3. Foram corridos os vistos legais.
Importa começar por analisar se é possível
conhecer do objecto do recurso.
II
4. No requerimento de interposição de recurso, a
sociedade ora recorrente indicou como normas que constituíam objecto daquele os
arts. 223º e 228º, o primeiro com referência aos arts. 221º e 222º, do
Contencioso Aduaneiro (Decreto-Lei nº 31.664, de 22 de Novembro de 1941).
Estes artigos encontram-se no Livro II daquele
diploma, consagrado ao chamado Contencioso Técnico (arts. 209º a 255º).

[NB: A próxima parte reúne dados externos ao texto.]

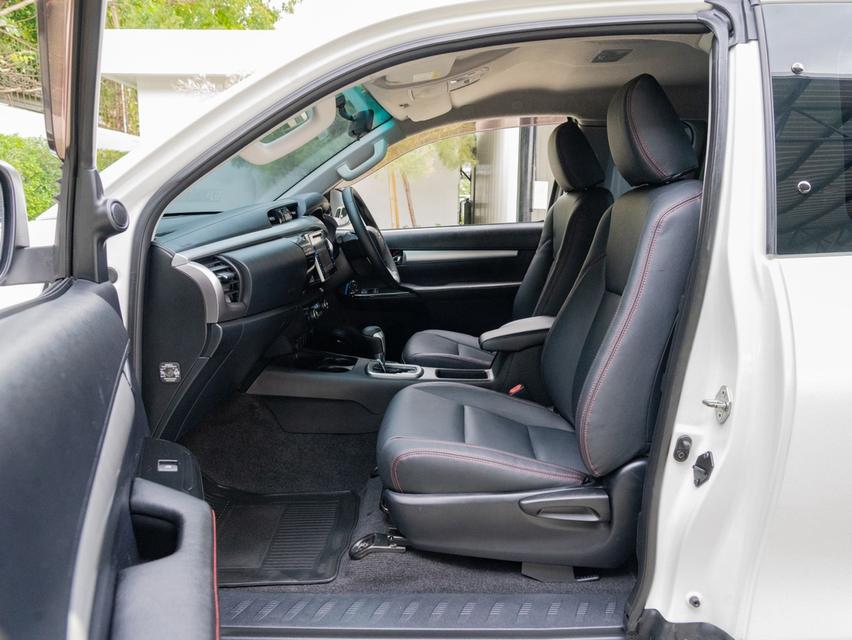 Toyota Hilux Revo 2.4 Smart Cab G Prerunner ปี 2016 รูปที่ 9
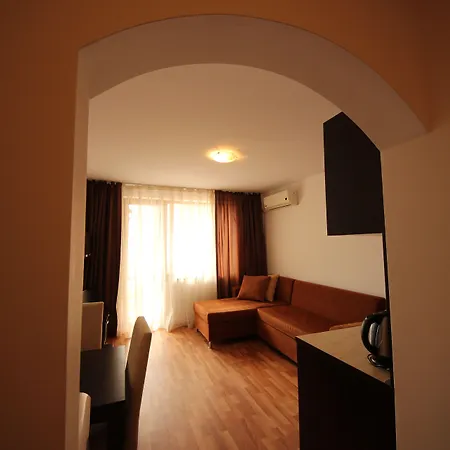 Apartament Menada Diamant Sunny Beach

Todo
este Livro II acha-se revogado, a partir de 1991, por força do art. 28º, nº 1,
do Decreto-Lei nº 281/91, de 9 de Agosto, mas essa revogação não tem qualquer
influência no caso sub judicio, dado aquele estar em vigor à data da decisão
administrativa impugnada contenciosamente.
Dispõem esses artigos:
Art. 221º - 'As mercadorias sobre que tenha recaído qualquer processo técnico
poderão ser retiradas antes de haver resolução competente se os interessados
depositarem importância correspondente aos maiores direitos e, na hipótese de se
presumir responsabilidade fiscal, ainda a importância julgada suficiente para
garantir esta responsabilidade.
§ único - Nos processos em que alguma das partes considere a mercadoria omissa,
o interessado depositará quantia correspondente aos direitos que lhe sejam
arbitrados pelo director da alfândega ou prestará fiança aos mesmos direitos.'
Art. 222º - 'Quando haja de instaurar-se processo de divergência, poderá o dono
ou consignatário da mercadoria deixar de prestar garantia e pagar o maior
direito, ficando, neste caso, a mercadoria desalfandegada. § único - Sem embargo
do disposto no corpo deste artigo, o processo de divergência seguirá os seus
trâmites, sendo a decisão do tribunal aplicável apenas a futuros casos
idênticos, nos termos do artigo 228º'.
Art. 223º - 'De qualquer processo técnico que se tenha levantado será dado
imediato conhecimento em ordem de serviço, ficando as mercadorias idênticas, que
estejam ou venham a estar submetidas a despacho, sujeitas ao disposto nos
artigos 221º e 222º.
§ único - Para efeito deste artigo, a alfândega onde se tenha levantado o
processo técnico fará às outras alfândegas a competente comunicação.'
Art. 228º - 'A doutrina estabelecida pelos acórdãos dos tribunais técnicos, logo
que estes sejam executórios, é obrigatória em relação aos funcionários técnicos
- aduaneiros, não só para os casos sujeitos mas também para os idênticos, até
que, por acórdão posterior ou disposição legal, seja modificada'.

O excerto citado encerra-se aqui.